Michael Saar, left, and Michael Mason rehearse a scene from Ad Hoc’s “The Lonesome West,” which opens Friday at The Art Studio, Inc.

Not every story ends in a happily-ever-after. In “The Lonesome West,” drunken fights mixed with murder charges bring two brothers to their wits end and no one knows what will happen next.

Ad Hoc will open the play Friday, with additional performances Saturday, Dec. 8, 9, 15, and 16, at The Art Studio, Inc.

Irish playwright Martin McDonagh’s play is set in the town of Leenane in western Ireland. The dark comedy explores how two brothers cope with their anger, and the death of their father and acquaintances.

“This play focuses on character relationships,” Michael Saar, LU associate professor of library services, who plays one of the brothers, Valene, said. “Ad Hoc is drawn to dark humor. This play is funny, but there is an intensity to it.”

Saar said the play examines compassion in an environment when everyone is looking out for himself.

“It shows how people interact with religion and family,” he said. “We thought it would be interesting to explore that on stage.”

Michael Mason, who plays Coleman, said he has wanted to do a McDonagh play with Ad Hoc for a while, and said that the show plays to the group’s strengths as performers.

“I’ve always liked McDonagh’s work and I think other people enjoy it as well,” he said. “We like to explore dark humor where terrible things are funny, and it’s nice to perform a show that is a little closer to life than maybe a musical would be.”

Brothers Coleman and Valene constantly argue with each other, and are jobless and lost in their own worlds. Saar said that portraying someone quite different from himself is a challenge.

“I looked at what my character was trying to achieve,” he said. “This is the third play in the Connemara trilogy, so there’s a lot of information about who these characters are and how they are viewed by the rest of their community, which is definitely helpful when trying to develop a character.”
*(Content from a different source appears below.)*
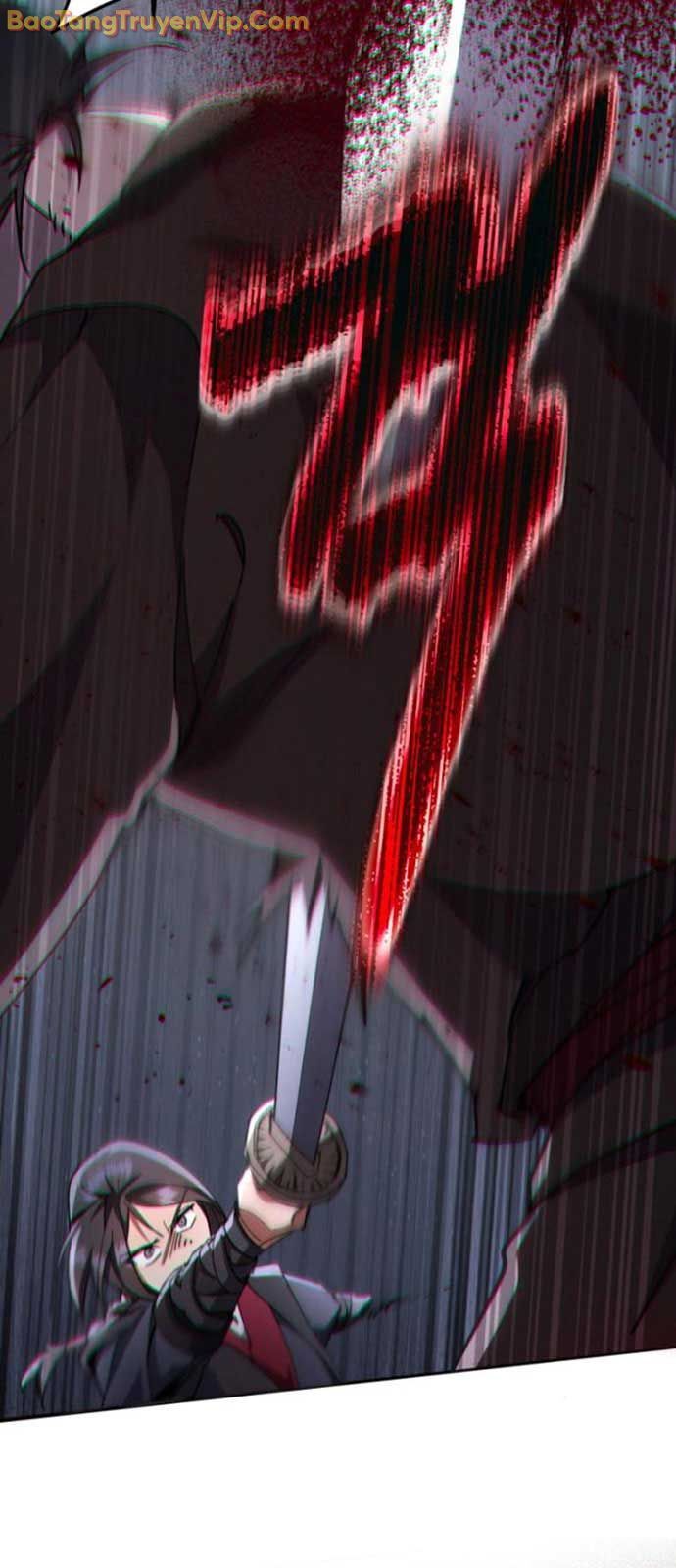 Thiên Ma Muốn Sống Một Cuộc Đời Bình Lặng Chapter 34.3 - Trang 2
Mason said that the play will appeal to a younger audience and that the performance is unlike most shows one would see in Beaumont.

Saar said that Lamar students will enjoy the play, given that the theater department has done a few of McDonagh’s plays in the past.
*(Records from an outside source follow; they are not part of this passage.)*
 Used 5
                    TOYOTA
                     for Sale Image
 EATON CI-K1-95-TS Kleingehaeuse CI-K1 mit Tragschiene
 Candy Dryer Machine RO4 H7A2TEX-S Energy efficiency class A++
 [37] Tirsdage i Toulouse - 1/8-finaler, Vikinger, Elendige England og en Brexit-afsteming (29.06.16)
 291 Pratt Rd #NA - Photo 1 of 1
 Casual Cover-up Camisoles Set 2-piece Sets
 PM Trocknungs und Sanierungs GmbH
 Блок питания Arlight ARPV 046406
“Lamar presented the first play in this trilogy (“The Beauty Queen of Leenane”),” he said. “These plays do not present a pleasant portrait of humanity — they really look at the people on the outskirts. There’s no typical leading man or woman, which I think students can relate to.”

Since the play is set in rural Ireland, the cast members had to develop accents and different speaking pattern, which Mason said was difficult, but rewarding.
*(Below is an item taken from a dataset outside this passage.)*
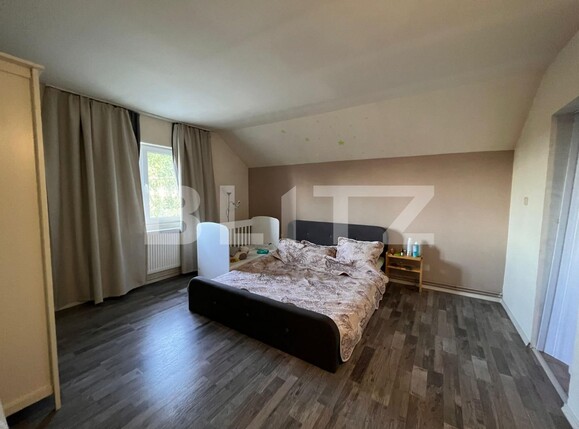 Casa de vânzare 9 camere Bariera Valcii - 96685CV | BLITZ Craiova | Poza4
“The lines in this play were hard for me to memorize,” he said. “The syntax and rhythm order are very different than what I’m used to, but listening to Irish dialects helped me find that rhythm which helped the lines roll out of my mouth smoother.”

McDonagh also wrote the movie “In Bruge” and is currently tipped for an Oscar nomination for writing “Three Billboards Outside Ebbing, Missouri.”

Tickets are $15.

For more information, contact Ad Hoc on their Facebook page. The Art Studio is located at 720 Franklin in downtown Beaumont.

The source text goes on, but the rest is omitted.